En effet, son mari, Florent Debels, est arrêté le 2 mai 1942, à Sin-le-Noble
(Nord) chez Charles Loubry (jeune résistant de dix-sept ans) à la suite d’une «
fuite » d’un résistant gravement blessé, puis torturé et fusillé. De la prison
de Cuincy, il est envoyé à la prison de Louvain (Belgique) où le tribunal
militaire allemand le condamne à mort le 5 juin 1942 pour « détention d’armes à
feu et propagande illégale communiste ». Il est fusillé au crépuscule du 1er
juillet 1942 au fort du Vert-Galant, à Wambrechies (Nord) avec Louis Petit et
Jean Bracq.
Engagement
Inlassablement, cette Résistante de la première heure et rescapée du camp de
Ravensbrück témoigne notamment dans les établissements scolaires.
Sa volonté de raconter l'enfer de Ravensbrück est d'autant plus grande qu'elle
en a longtemps été empêchée. « À la Libération, personne ne voulait parler, se
souvient-elle. Il y avait une honte de la souffrance, le traumatisme était trop
grand. On a dû laisser passer une génération avant de pouvoir raconter. Avant,
c'était trop tôt, on ne nous croyait pas toujours ». Lorsqu'elle se rend dans
les établissements scolaires, Yvonne Abbas n'oublie jamais d'apporter une robe
de bagnard, identique à l'unique vêtement qu'elle a porté pendant sa détention.

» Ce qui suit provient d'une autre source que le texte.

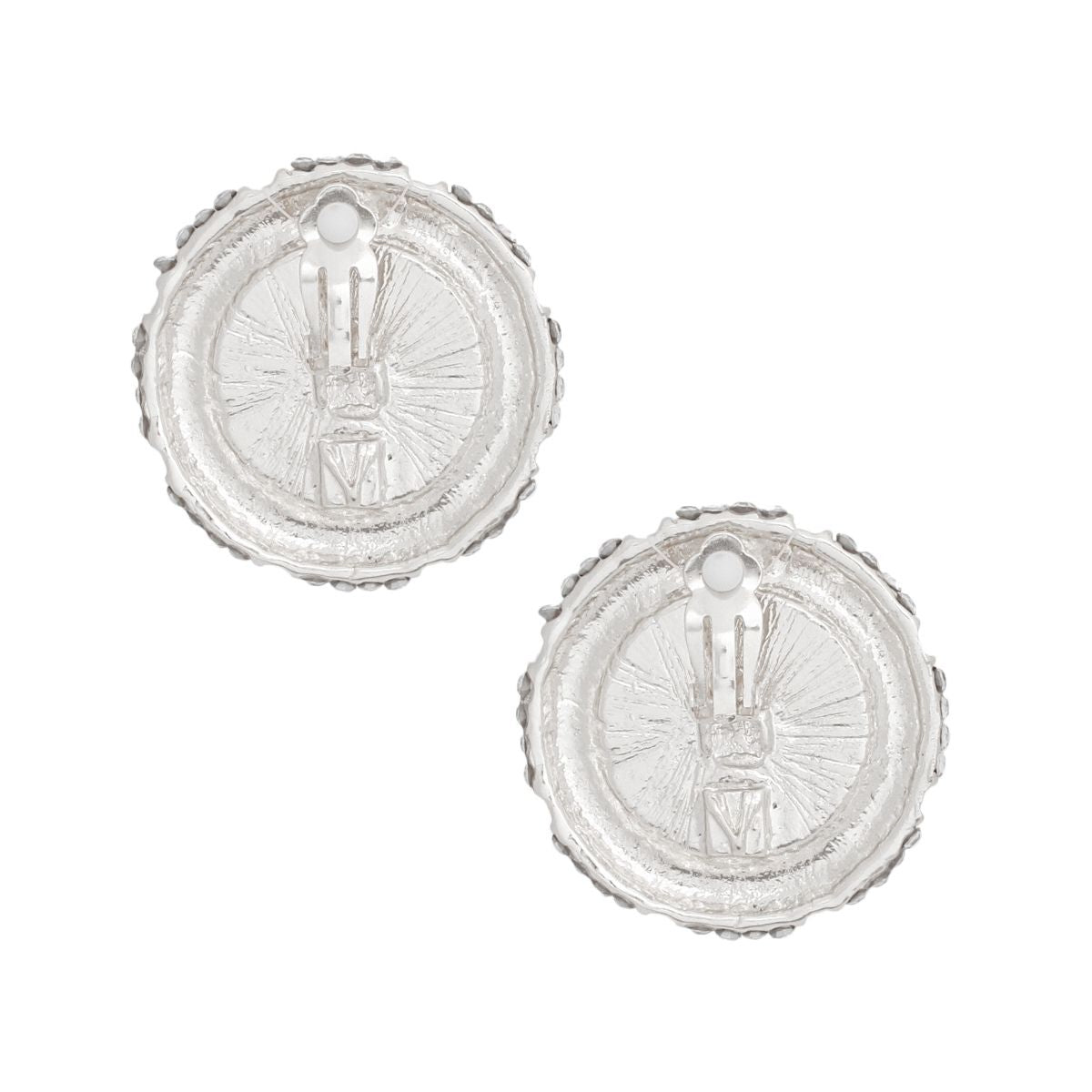 White Pearl Earrings with Rhinestone Silver Studs | Fashion Jewelry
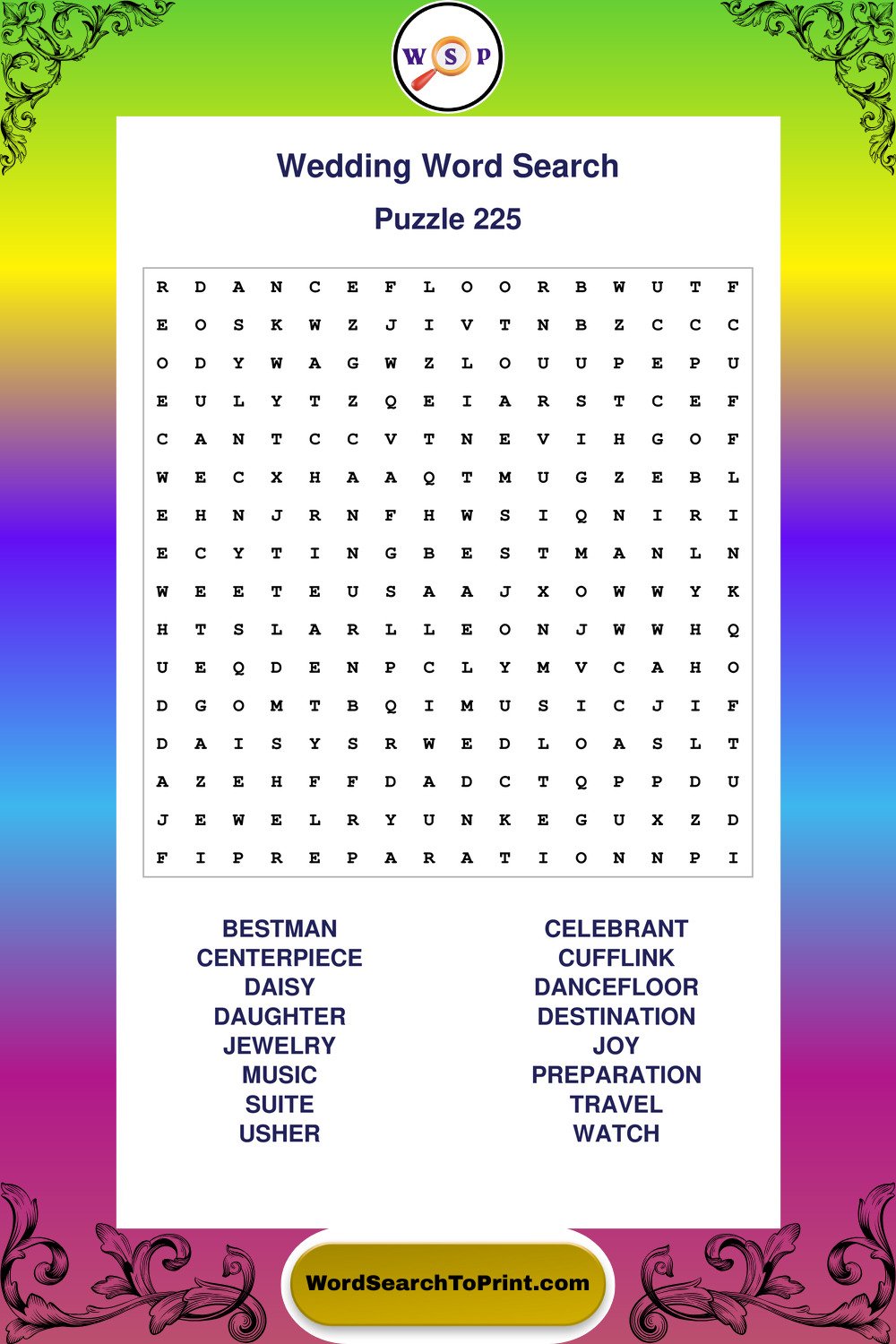 Wedding Word Search Puzzle 225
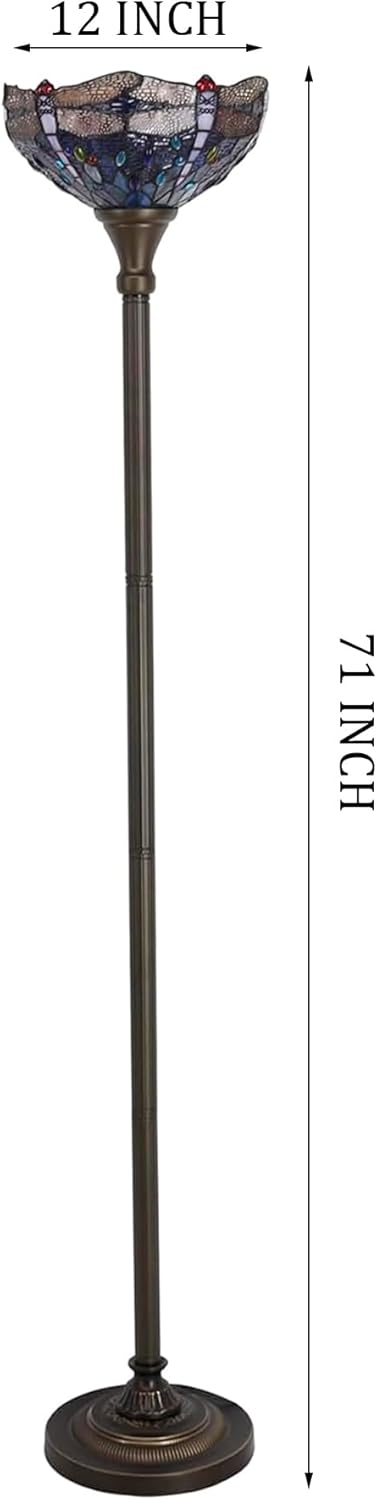 WERFACTORY Tiffany Floor Lamp Sea Blue Stained Glass Dragonfly Light 12X12X71 Inches Pole Torchiere Standing Corner Torch Uplight Decor Bedroom Living Room Home Office S631 Series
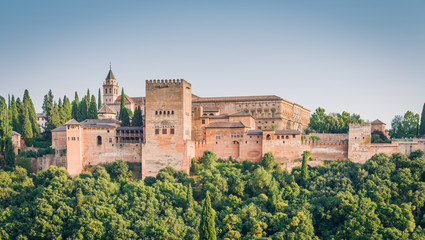 Fototapeta na wymiar Ancient arabic fortress of Alhambra, Granada, Spain.
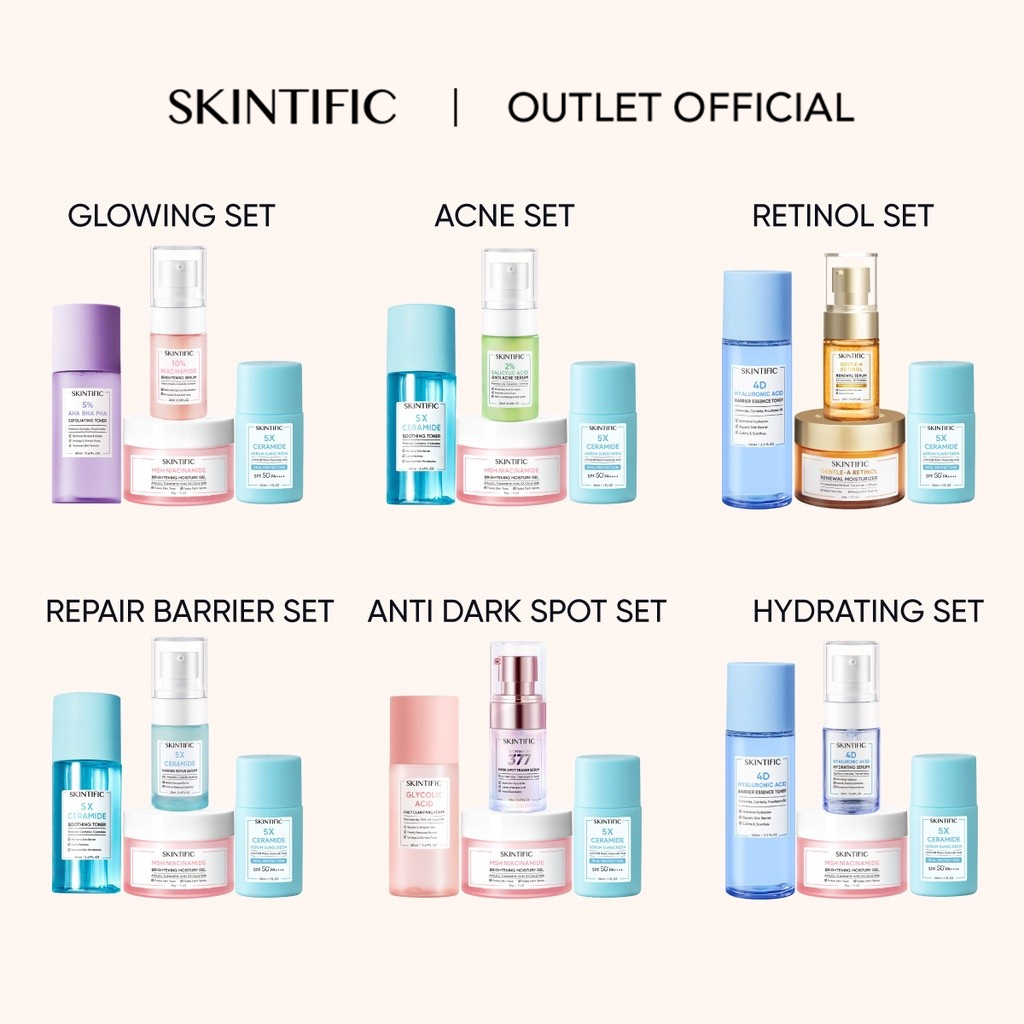 【OUTLETS】SKINTIFIC 4pcs Paket Skincare Sunscreen + MSH Niacinamide Moisture Gel + Exfoliating Toner / Soothing Toner + Brightening Serum / Anti Acne Serum / Barrier  Serum / Hydrating Serum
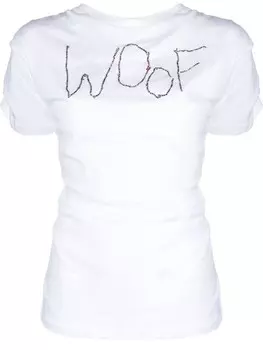 Collina Strada футболка Woof со стразами, белый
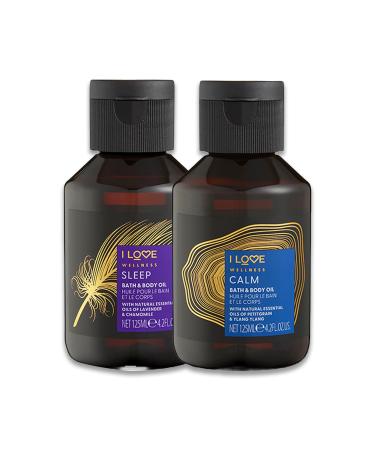 I Love Cosmetics Wellness Aromatherapy Oil Set - Calm and Rest Bath and Body Oil - Petitgrain and Ylang Ylang - Lavender and Chamomile - 2 pc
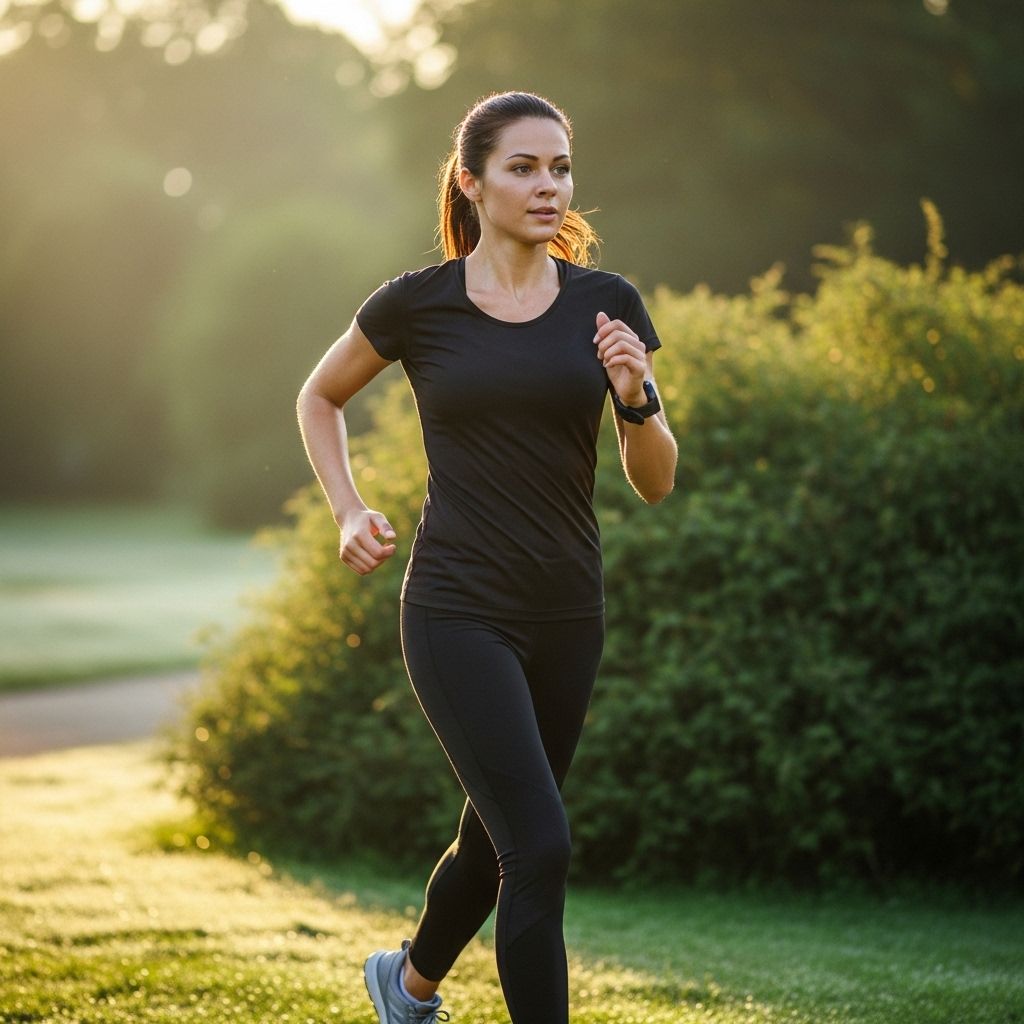 Aktywna kobieta biegnąca o świcie przez park z zielenią w tle, naturalne ciepłe światło poranka, skupienie na ruchu i wysiłku fizycznym
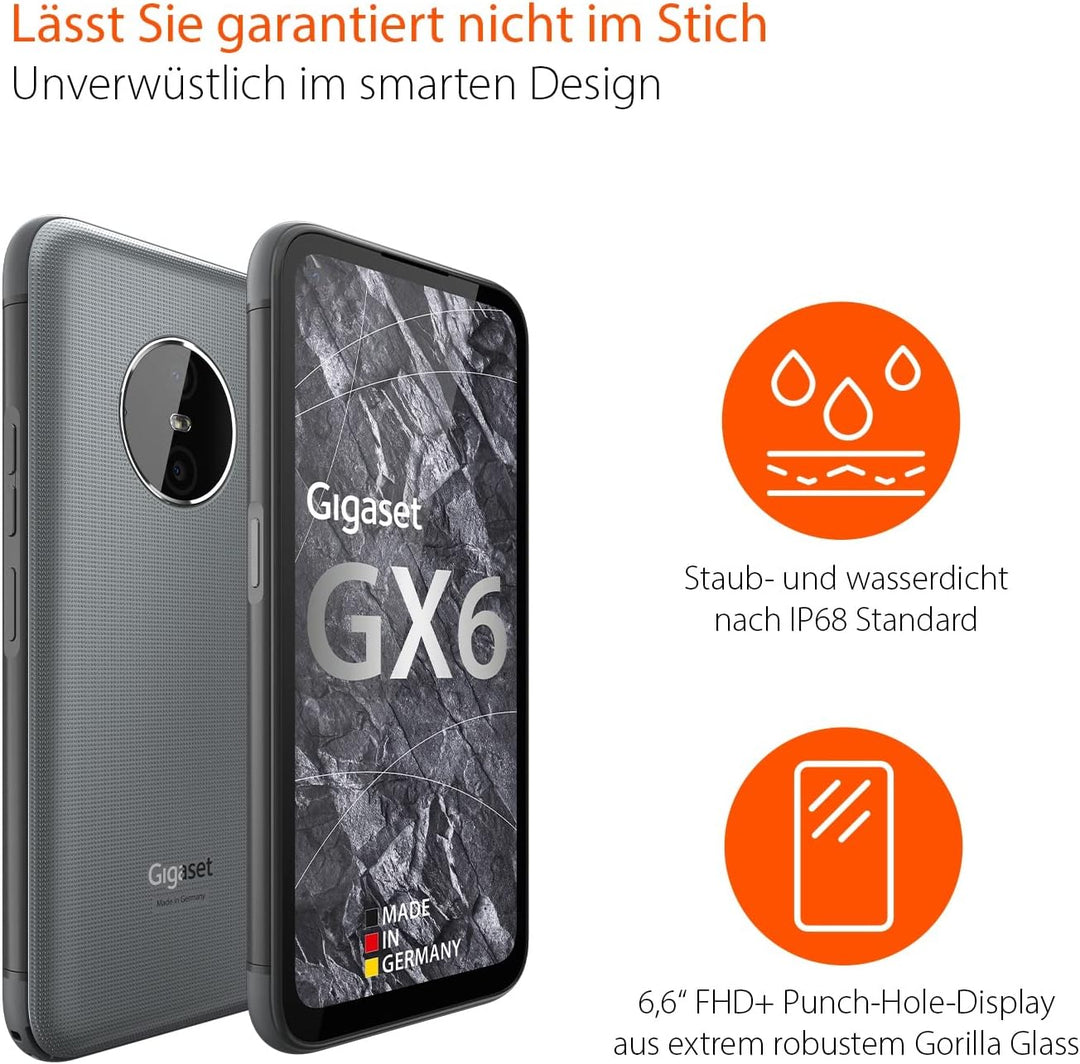 Gigaset GX6 - Outdoor Smartphone 5G - Militärstandard - staub- & wasserdicht IP68 - 6,6" FHD+ Displa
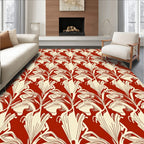 Art Nouveau Floral Swirl Pattern Rug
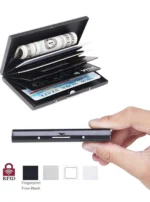 STC IMPORTED CREATION Black Metallic Men's RFID Wallet ( Pack of 1 ) - Image 3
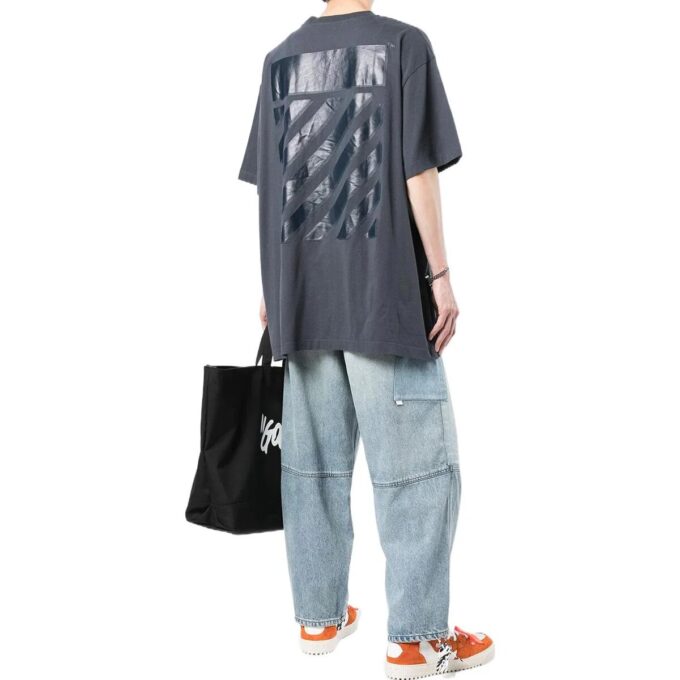 Off-White Men’ s Stripe Printing Short Sleeve Loose Fit Navy Blue T-Shirt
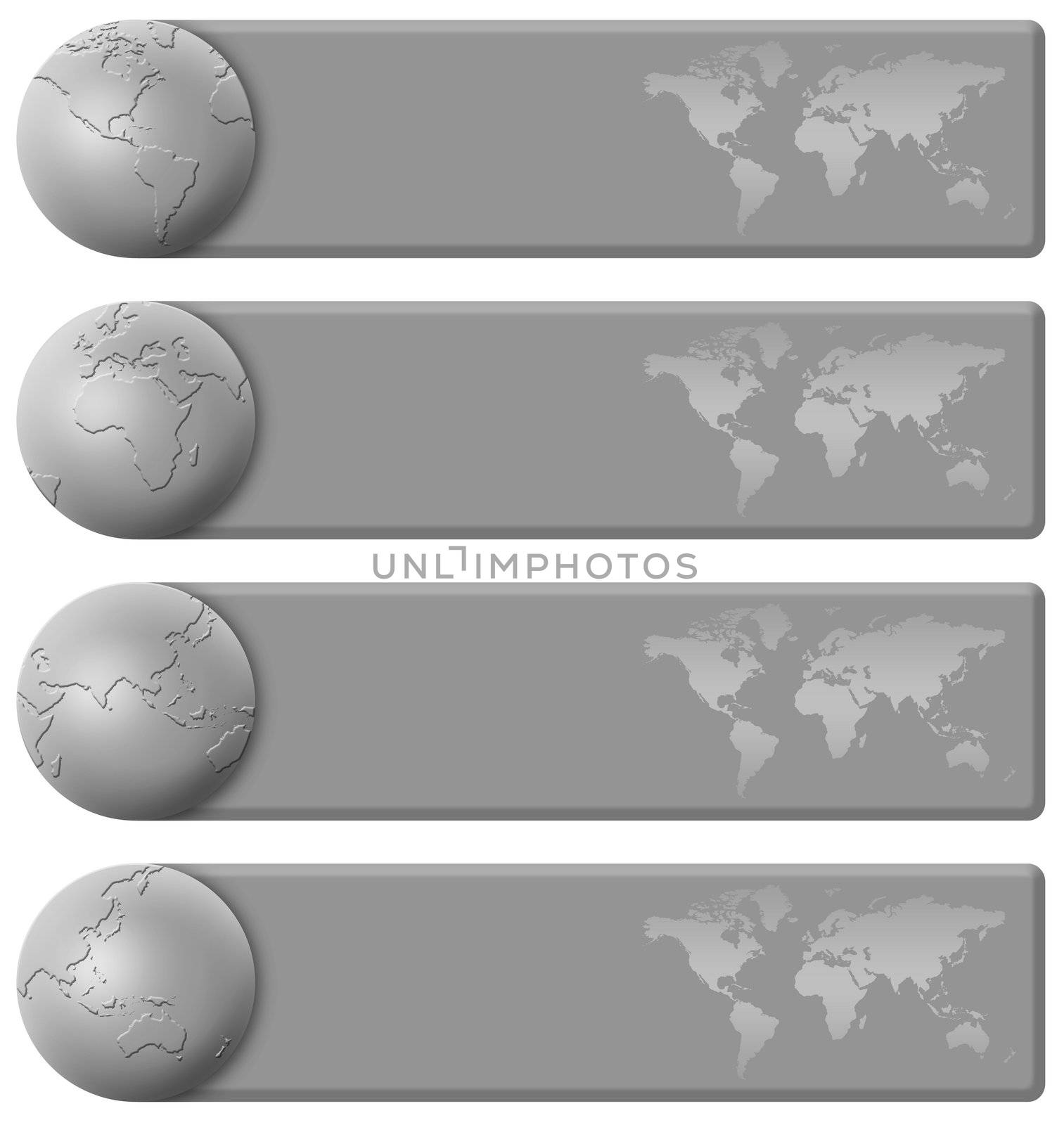 banner: different set of globe and map. gray on a white background. easy clipping 
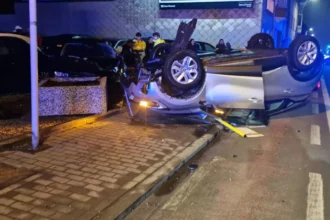 Halle Drunk driver crashes into flower box, overturns car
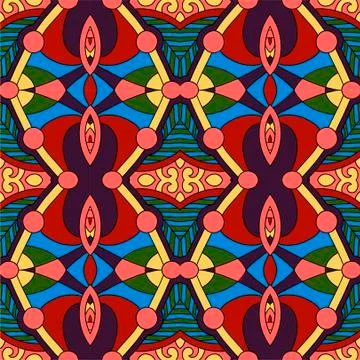 Seamless colored vintage geometric pattern, texture for wallpaper Illustration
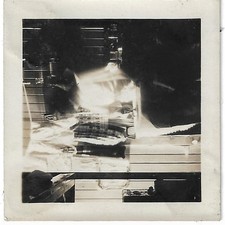 Vintage ABSTRACT 1930s Old Strange Photo Machinery Lights Blurry Spooky Face picture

« On est souvent surpris de voir ce que les enfants savent mais il est
primordial de témoigner encore et toujours. Les livres d'histoire n'en disent
pas assez et les profs n'ont pas toujours le temps. Avec nos témoignages, on
raconte des choses qu'ils n'imaginent même pas».
Yvonne Abbas s'implique également dans le Concours national de la résistance et
de la déportation à destination des collégiens. « Je fais le choix de parler
pour tous ceux qui ne sont pas revenus. Voilà pourquoi je ne pense pas que l'on
puisse dire que je suis bénévole, c'est un devoir de mémoire. » « Mais on le
fait sans stigmatiser les Allemands. Les nouvelles générations n'ont pas à payer
pour les crimes passés ».
Aujourd'hui, elle pense toujours à ses anciens camarades disparus mais ne
regrette jamais son engagement dans la Résistance : « Ce que l'on peut
regretter, c'est de ne pas en avoir fait assez ».
Distinctions
Officier de la Légion d'honneur
Médaille militaire
Combattant volontaire de la Résistance
Ancien combattant
Chevalier dans l'ordre des Palmes académiques
Présidente de la Section ANACR Lille - La Madeleine,
Présidente de l’Association du musée de la Résistance en Zone Interdite de
Denain,
Membre du bureau national de l’Amicale de Ravensbrück,
Membre du comité national de la FNDIRP.